§ **EXERCISE**: Reproduce the records exactly, beginning with their first line and ending with the line that contains "If you want", and output nothing more.

Dataset items:
____

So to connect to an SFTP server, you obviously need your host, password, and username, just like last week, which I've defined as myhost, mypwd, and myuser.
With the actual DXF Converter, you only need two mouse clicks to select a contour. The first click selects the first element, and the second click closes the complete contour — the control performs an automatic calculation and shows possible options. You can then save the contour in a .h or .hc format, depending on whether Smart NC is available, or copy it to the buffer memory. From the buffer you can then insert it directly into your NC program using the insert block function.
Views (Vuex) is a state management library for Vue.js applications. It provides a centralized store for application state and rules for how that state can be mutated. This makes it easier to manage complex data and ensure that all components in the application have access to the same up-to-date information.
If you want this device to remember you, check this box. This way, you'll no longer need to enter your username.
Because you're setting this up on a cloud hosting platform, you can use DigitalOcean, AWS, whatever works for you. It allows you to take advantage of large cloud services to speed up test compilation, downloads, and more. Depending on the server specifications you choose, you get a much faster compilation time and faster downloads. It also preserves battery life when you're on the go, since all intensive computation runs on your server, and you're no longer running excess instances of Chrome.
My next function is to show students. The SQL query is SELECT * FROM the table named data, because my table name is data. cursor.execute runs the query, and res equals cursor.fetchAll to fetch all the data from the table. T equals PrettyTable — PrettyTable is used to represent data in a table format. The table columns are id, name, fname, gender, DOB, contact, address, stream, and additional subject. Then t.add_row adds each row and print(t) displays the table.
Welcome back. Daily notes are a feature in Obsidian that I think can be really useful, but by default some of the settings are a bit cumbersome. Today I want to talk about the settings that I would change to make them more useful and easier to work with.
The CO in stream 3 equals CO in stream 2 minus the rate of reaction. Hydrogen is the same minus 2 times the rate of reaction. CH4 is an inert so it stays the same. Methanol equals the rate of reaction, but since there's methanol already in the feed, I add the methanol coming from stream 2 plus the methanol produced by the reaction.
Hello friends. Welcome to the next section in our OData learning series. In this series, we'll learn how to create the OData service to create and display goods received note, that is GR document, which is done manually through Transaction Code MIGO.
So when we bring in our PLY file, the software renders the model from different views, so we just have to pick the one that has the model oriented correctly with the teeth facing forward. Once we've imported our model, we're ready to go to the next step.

____

§ **TASK RESULT**:
So to connect to an SFTP server, you obviously need your host, password, and username, just like last week, which I've defined as myhost, mypwd, and myuser.
With the actual DXF Converter, you only need two mouse clicks to select a contour. The first click selects the first element, and the second click closes the complete contour — the control performs an automatic calculation and shows possible options. You can then save the contour in a .h or .hc format, depending on whether Smart NC is available, or copy it to the buffer memory. From the buffer you can then insert it directly into your NC program using the insert block function.
Views (Vuex) is a state management library for Vue.js applications. It provides a centralized store for application state and rules for how that state can be mutated. This makes it easier to manage complex data and ensure that all components in the application have access to the same up-to-date information.
If you want this device to remember you, check this box. This way, you'll no longer need to enter your username.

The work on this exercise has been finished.